((
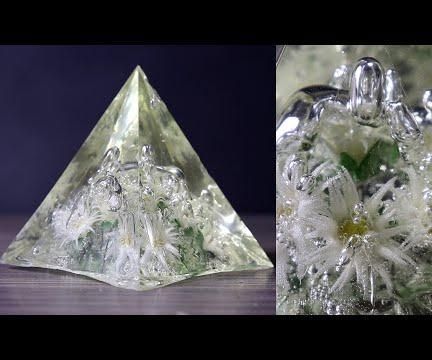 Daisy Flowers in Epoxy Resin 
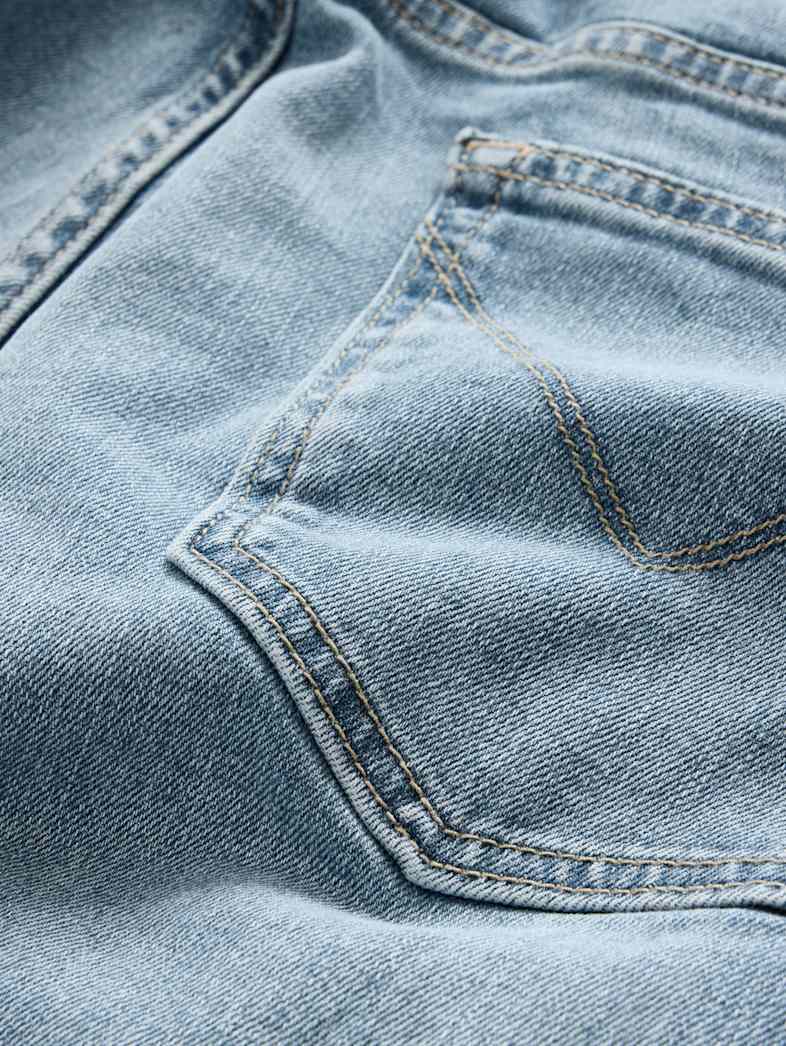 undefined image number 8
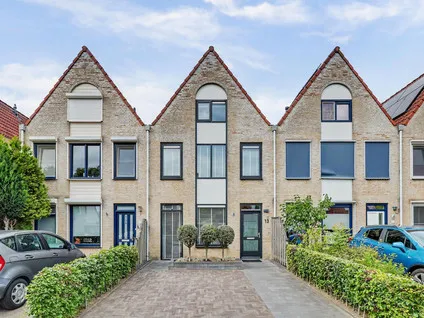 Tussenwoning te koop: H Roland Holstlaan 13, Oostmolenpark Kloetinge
))
Work to be completed =>
Nothing but the lines from the one that contains "undefined image number 8" through the end of the material above is to be reproduced, exactly and without pictures.

Task result =>
 undefined image number 8
 Tussenwoning te koop: H Roland Holstlaan 13, Oostmolenpark Kloetinge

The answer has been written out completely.